L’ultima evoluzione del fenomeno vede protagonista il presidente degli Stati Uniti Donald Trump, che ha lanciato la sua meme coin personale $Trump, seguita a breve distanza da $Melania, creata dalla First Lady. Un cambio di rotta significativo per Trump, che nel 2021 aveva definito il Bitcoin “una truffa”. La sua conversione al mondo crypto è avvenuta durante la campagna elettorale, quando ha promesso di trasformare gli Stati Uniti nella “capitale mondiale delle criptovalute”. Non solo: a settembre ha annunciato il lancio di World Liberty Financial, una società di criptovalute creata insieme ai figli, e ha firmato un ordine esecutivo per la creazione di un gruppo di lavoro dedicato alla regolamentazione delle valute digitali.
I rischi dei meme coin
Il rischio delle meme coin come $Trump è legato al fatto che la maggior parte dei token è controllata da entità legate a chi le promuove, in questo caso la Trump Organization e altre sue società (la Cic Digital e la Fight Fight Fight Llc).

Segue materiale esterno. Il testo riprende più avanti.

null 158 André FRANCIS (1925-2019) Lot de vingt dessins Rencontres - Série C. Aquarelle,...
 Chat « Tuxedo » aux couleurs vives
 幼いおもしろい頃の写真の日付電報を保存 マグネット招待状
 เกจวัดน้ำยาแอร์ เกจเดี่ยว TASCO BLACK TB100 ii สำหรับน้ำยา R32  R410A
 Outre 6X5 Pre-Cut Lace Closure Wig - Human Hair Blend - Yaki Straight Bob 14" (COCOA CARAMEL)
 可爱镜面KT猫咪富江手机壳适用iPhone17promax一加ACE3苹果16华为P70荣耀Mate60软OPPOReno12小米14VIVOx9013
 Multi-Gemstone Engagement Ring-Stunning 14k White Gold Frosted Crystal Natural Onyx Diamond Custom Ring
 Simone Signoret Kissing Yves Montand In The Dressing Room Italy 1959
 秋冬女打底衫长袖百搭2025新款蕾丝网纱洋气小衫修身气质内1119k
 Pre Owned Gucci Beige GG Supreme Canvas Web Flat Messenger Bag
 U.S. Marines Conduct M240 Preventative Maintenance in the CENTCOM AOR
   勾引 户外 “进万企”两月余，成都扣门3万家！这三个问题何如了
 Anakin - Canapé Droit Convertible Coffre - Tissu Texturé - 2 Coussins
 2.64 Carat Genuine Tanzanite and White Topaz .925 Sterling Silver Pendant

Ciò crea un potenziale squilibrio nel mercato, poiché il valore dei token dipende fortemente dalle azioni di pochi soggetti. Come spiega Christopher Bendiksen, ricercatore di CoinShares intervistato da Wired US, le meme coin funzionano come “un gioco a somma zero dove qualcuno deve perdere perché qualcun altro vinca”. Il rischio principale è quello dei cosiddetti “rug pull”, ovvero quando i grandi possessori di queste monete vendono in massa i loro token, causando un crollo immediato del valore. Ma i rischi non riguardano solo la speculazione. Secondo un rapporto dell’FBI citato dal Guardian, le frodi legate alle criptovalute sono aumentate del 45% nel 2023, causando perdite per 5,6 miliardi di dollari. Ancora più preoccupante è il dato sugli hacker nordcoreani che, secondo l’azienda di analisi Chainanalysis, hanno rubato 1,34 miliardi di dollari in criptovalute nel 2024, il doppio rispetto all’anno precedente.